Englishman Ronald Knox (1888-1957) converted to Catholicism from


Anglicanism in 1917, and was the chaplain at Oxford from 1926 to 1939. In
the 1940s, he translated the Bible, based on the Latin Vulgate, a work,
according to a scholarly Protestant source, "generally agreed to be a
remarkable achievement and among the best of modern renderings" (1). His
many important books include Enthusiasm, Let Dons Delight, The Belief of
Catholics, and God And The Atom. Evelyn Waugh, another convert of great
literary repute, wrote of Knox in the preface of the latter's conversion
autobiography, A Spiritual Aeneid:

He was the most brilliant and versatile churchman of the


English-speaking world . . . At Oxford all the coveted distinctions .
. . came to him as by-products of an exuberant intellectual and social
life . . . There seemed no limit to the prizes, political, academic or
literary, which a smiling world held out to him . . . In him, the
Roman Church had found her most notable English convert since Newman.

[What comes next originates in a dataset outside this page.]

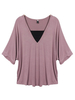 Loose Women Batwing Sleeve V-Neck Fake Two-piece Patchwork Pullover T-shirt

Let's follow, then, the highlights of Knox's description of his journey,


from the aforementioned book:

It is not easy for one who has abandoned a point of view . . . to


explain, or even describe, how he came to change his attitude . . .
This book was begun in the week after its author was received . . .
Your religion builds itself up you know not how; some habits of
thought stepped into unconsciously, others imbibed from study, others
acquired by prayer. And beyond that, the whole complex of your
psychology, moulded by innumerable influences not merely religious,
predisposes you this way or that . . . (2)

In regard to orthodoxy, my views when I left Eton were orthodox above


the average; my oracle was G.K. Chesterton (3) - he is so still. (4)

I read . . . Milman's (soundly Protestant) History of Latin


Christianity . . . he comments upon the extraordinary precision with
which, time after time, the Bishops of Rome managed to foresee which
side the Church would eventually take in a controversy, and "plumped"
for it beforehand . . . Each time Rome . . . thinks today what the
world will think tomorrow . . . the Catholic party is the party in
which the Bishop of Rome was, and nothing else . . . The Papacy seemed
to be the thing which medieval Christendom was certain about . . . I
had taken no new intellectual step: I saw the same set of facts, and
my intellect made an entirely different report of them . . . If I was
wrong then, how could I be certain I was not wrong now? . . . In this
intolerable distrust of my own intellectual process I lay, miserable
and inert. (5)

Now, I felt no pull either way, but complete inertia . . . I had


become habituated to indecision, and found in myself no positive
craving for light; the glamour of the Seven Hills had died away. (6)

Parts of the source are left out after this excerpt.